TRY IT
Exercise in exact copying: restate word for word only the lines below from the one containing "TARCZA UNIWERSALNA EXPERT" through the one containing "TELTREK Tempered Glass", omitting any pictures.

DATA SHOWN
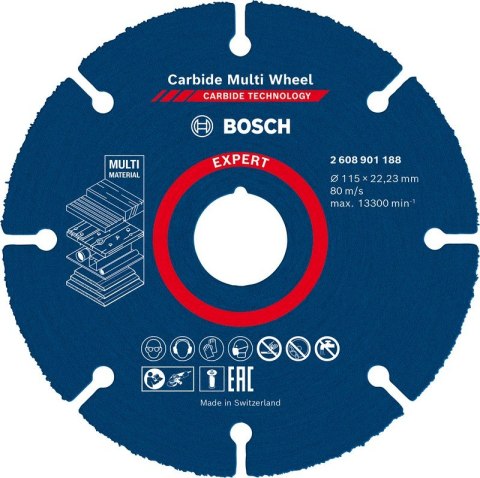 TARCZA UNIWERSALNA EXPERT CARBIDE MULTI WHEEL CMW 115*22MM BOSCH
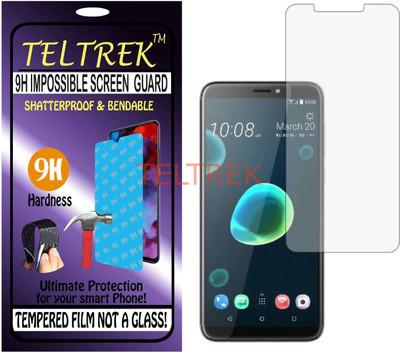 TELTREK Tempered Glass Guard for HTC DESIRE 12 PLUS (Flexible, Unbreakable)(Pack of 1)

---

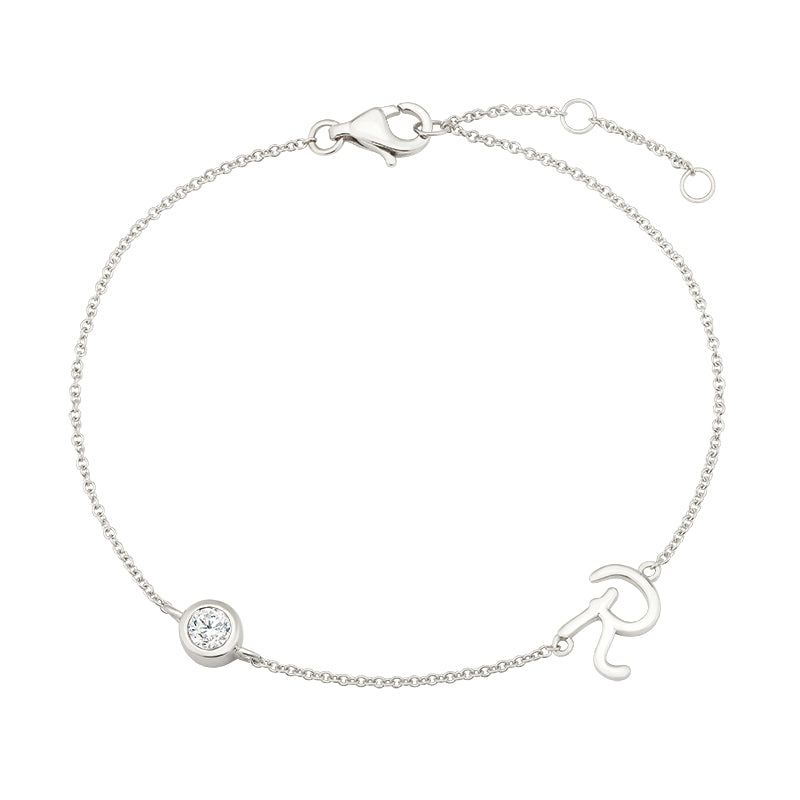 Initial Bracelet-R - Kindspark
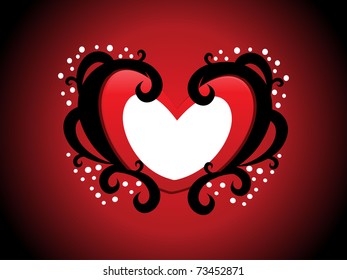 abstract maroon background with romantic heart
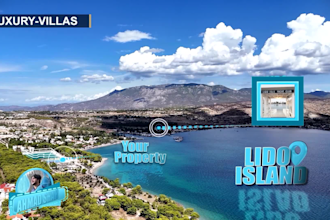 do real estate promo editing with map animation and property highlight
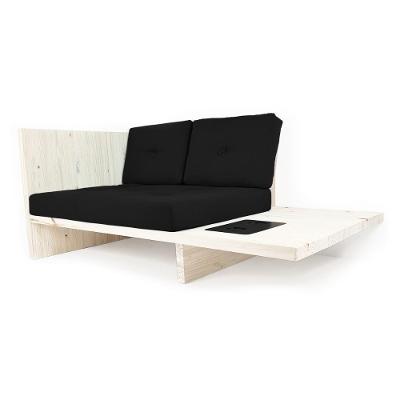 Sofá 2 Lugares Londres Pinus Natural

REPLY
 TARCZA UNIWERSALNA EXPERT CARBIDE MULTI WHEEL CMW 115*22MM BOSCH
 TELTREK Tempered Glass Guard for HTC DESIRE 12 PLUS (Flexible, Unbreakable)(Pack of 1)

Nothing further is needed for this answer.